How can we address that problem?

For simplicity, we will run a pooled OLS on the data with an interaction term between the MEP’s ambition and electoral system. You can find the data online https://siljehermansen.github.io/teaching/beyond-linear-models/MEP.rda.

Be prepared to share the table/codes/thoughts on padlet: https://padlet.com/siljesynnove/exercise-1-simple-na-fixes-df5ppo9n2x0a4wuc

Exercise 1: Simple fixes.

Consult Gelman and Hill (2007) p. 532-34 and follow their descriptions for simple fixes.

  1. estimate a base-line model where you proceed to a list-wise exclusion with an interaction term between FutureInEP and ClosedList. Personally, I used OLS estimation for this one.
  2. use the EPGroup variable to weigh the observations in an alternative model:
  1. replace the NA by the mean of the FutureInEP variable
  2. replace the NA by the group mean of the FutureInEP variable. Use the EPGroup as a grouping variable.
  3. estimate a model where you include your imputed variable from d), but now you also control for the whether there is missing in your observations using the dummy indicator you created. What do Gelman and Hill say about this technique? When do you think it might be useful?
  4. put all your models in a single table (e.g. in stargazer) and compare. What happened to your estimates? And what about the standard error? Thoughts?

Exercise 2: Sampling

  1. Can you fill the missing parts of the FutureInEP variable by randomly sample from the observed parts of the variable?

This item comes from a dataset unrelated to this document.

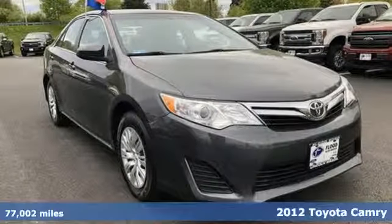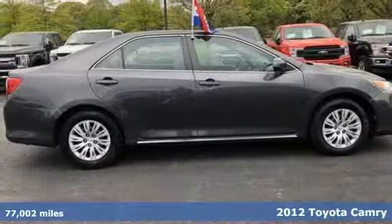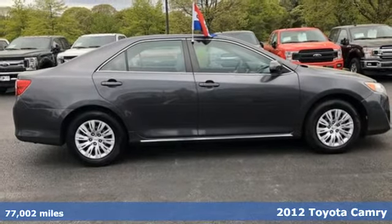It's a 2012 Toyota Camry. When you're looking for comfort, convenience, and quality, you think Toyota.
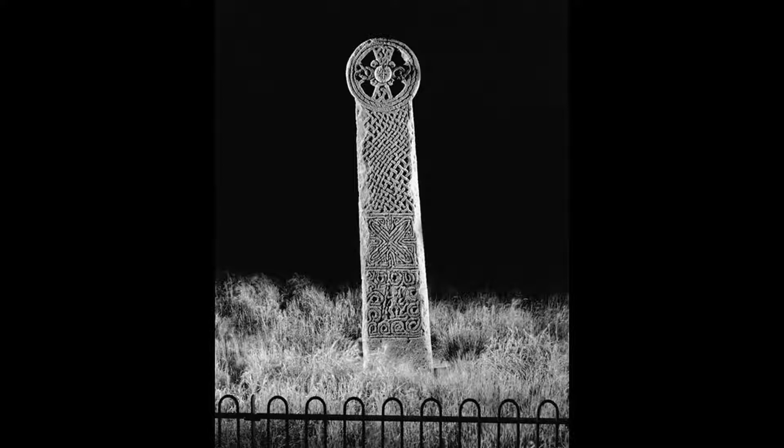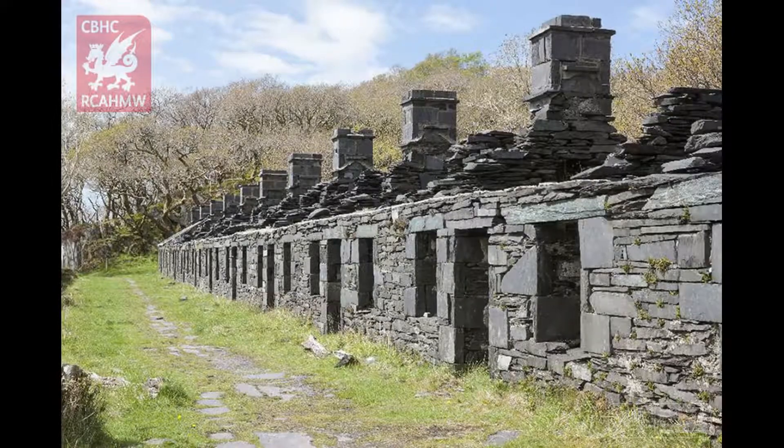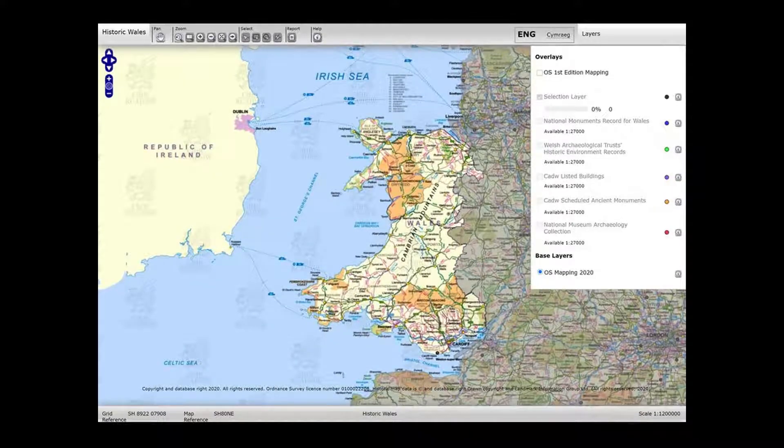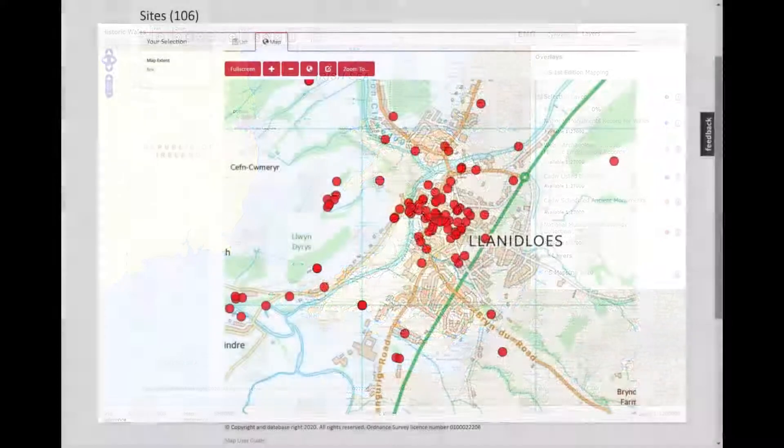But our resources aren't only useful for family historians. Coflein is also a mine of information for those with an interest in your local area or who want to find out more about a particular site you've seen or visited. Both Coflein and the Historic Wales website have very useful mapping tools which allow you to explore the historic sites of any area in Wales.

You can use the sample() function in R. Here, I randomly draw 4 samples from my x variable. I also specify that the machine is not allowed to draw the same observation twice.

x <- 1:10

sample(x = x,
       size = 4,
       replace = F)

[1] 8 7 5 1

After having randomly sampled, you’d have to replace only the NAs in FutureInEP with your imputed values, while keeping the observed values intact.

  1. Re-estimate the main model with your new – partially sampled – predictor. Compare with the previous models. What happened? Why?

Excercise 3: Deterministic imputation

Can you impute the missing values using regression? Here are a few suggestions for predictors Age (of the MEP), TermsInOffice (of the MEP), position (of national party towards EU integration). The variable ParlGovID identifies the national parties, while Nationality and Period flag the MEP’s member state and the period of study (one of 10 semesters).

  1. fit the regression model of your choice

  2. use the predict() function to extract predicted values. Replace the missing values and re-run the main model. Compare.

  3. can you combine your prediction with an element of random sampling?

    • get the standard error of the prediction (e.g. by the argument se.fit = T)
    • then sample from a normal distribution using the rnorm() function

Here, I draw randomly twice from a vector of two normal distributions; in the first one the mean is 1 and the standard error is 0.1; in the second the mean is 2 and the standard error 0.1.

mean <- c(1,2)
se <- c(0.1, 0.1)

rnorm(n = 2,
      mean = mean,
      sd = se)

[1] 1.024479 1.980594

Literature

Gelman, Andrew, and Jennifer Hill. 2007. Data Analysis Using Regression and Multilevel/Hierarchical Models. Analytical Methods for Social Research. Cambridge ; New York: Cambridge University Press.